Robert, bass has some nice pen blanks, I'm warning you he will make you want to come back for more once you see what he sends you, consider yourself warned


----------



## RusDemka (Jun 9, 2012)

Zebra wood is nice, even better when its diagonaly cut,, here is a picture of a pen i made from zebrawood diagonaly cut..
actually just sold this one couple days ago online:yes:


----------



## robert421960 (Dec 9, 2010)

and here i thought i was getting into something cheap:laughing::laughing::laughing::laughing:
thanks for the warning


----------



## RusDemka (Jun 9, 2012)

robert421960 said:


> and here i thought i was getting into something cheap:laughing::laughing::laughing::laughing:
> thanks for the warning


well if you have freinds and you can trade with them its not too bad, the addicting part is that you have a finished product in less than an hour depending on how well you can turn quickly..


----------



## robert421960 (Dec 9, 2010)

Ok bass here is what I have tell me what ya think


----------



## BassBlaster (Nov 21, 2010)

Ooooo, live edge and you allready rounded them for me!! Sweet!!:thumbsup:

Im going to have to send you some super nice blanks for those!!

Are these dry or green? Dosnt matter either way, just curious.

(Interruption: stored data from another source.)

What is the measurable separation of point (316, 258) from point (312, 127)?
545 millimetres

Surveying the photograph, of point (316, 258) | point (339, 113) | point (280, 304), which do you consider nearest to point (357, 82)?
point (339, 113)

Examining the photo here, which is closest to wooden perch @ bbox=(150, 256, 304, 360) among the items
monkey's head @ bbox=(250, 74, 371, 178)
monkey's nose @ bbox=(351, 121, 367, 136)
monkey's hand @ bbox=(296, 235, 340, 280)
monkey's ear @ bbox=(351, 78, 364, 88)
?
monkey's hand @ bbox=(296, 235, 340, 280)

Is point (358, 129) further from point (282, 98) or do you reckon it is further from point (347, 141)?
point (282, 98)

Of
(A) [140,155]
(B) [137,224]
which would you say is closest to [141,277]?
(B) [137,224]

I'll get a pic up for you as soon as I pick out blanks that are worthy of this trade. Thanks!!


----------



## robert421960 (Dec 9, 2010)

BassBlaster said:


> Ooooo, live edge and you allready rounded them for me!! Sweet!!:thumbsup:
> 
> Im going to have to send you some super nice blanks for those!!
> 
> ...


one is green but almost dry i hope
the other 3 are dry and the bark is kinda loose and rotten on the outside
all the wood is solid though


----------



## BassBlaster (Nov 21, 2010)

Sounds good. I'm getting ready for work now but I should have time in the morning to get your box together. Thanks again!!:thumbsup:


----------



## BassBlaster (Nov 21, 2010)

These should keep you busy for awhile.:laughing: If you like these, I'll get em packed up and headed your way. Probably be tomorrow AM before I can get to the PO though. Go ahead and PM me your address too. Thanks again!!:thumbsup:

Oh, the bottom blanks are a couple of 2 tone walnut PM blanks that I thought you might like. All the blanks are labeled, the label side is just turned down for the pic.


----------



## robert421960 (Dec 9, 2010)

dude that is awesome
now ill have to spend a fortune buying pen kits:laughing::laughing:
thanks for doing this with me


----------



## RusDemka (Jun 9, 2012)

BassBlaster said:


> These should keep you busy for awhile.:laughing: If you like these, I'll get em packed up and headed your way. Probably be tomorrow AM before I can get to the PO though. Go ahead and PM me your address too. Thanks again!!:thumbsup:
> 
> Oh, the bottom blanks are a couple of 2 tone walnut PM blanks that I thought you might like. All the blanks are labeled, the label side is just turned down for the pic.


You can't see me, but I'm drooling all over my desk at work, Robert I think I gave you a fair warning, now you will be "hookedonpens" LOL....


----------



## robert421960 (Dec 9, 2010)

RusDemka said:


> Robert I think I gave you a fair warning, now you will be "hookedonpens" LOL....


No Ill be Banging Pens:laughing::laughing::laughing:


----------



## RusDemka (Jun 9, 2012)

robert421960 said:


> No Ill be Banging Pens:laughing::laughing::laughing:


:laughing:


----------



## BassBlaster (Nov 21, 2010)

robert421960 said:


> dude that is awesome
> now ill have to spend a fortune buying pen kits:laughing::laughing:
> thanks for doing this with me


 No problem man, thank you!! I packed these all up and I'll get em over to the PO in the morning.


----------



## robert421960 (Dec 9, 2010)

i didnt get yours out today either but will tommorrow:yes:


----------



## BassBlaster (Nov 21, 2010)

RusDemka said:


> You can't see me, but I'm drooling all over my desk at work, Robert I think I gave you a fair warning, now you will be "hookedonpens" LOL....


 I dropped a box off for you at the PO Sat morning!:thumbsup:


----------



## BassBlaster (Nov 21, 2010)

robert421960 said:


> i didnt get yours out today either but will tommorrow:yes:


 No rush, it will probably be after the new year before I'll have time to put one on the lathe anyhow.


----------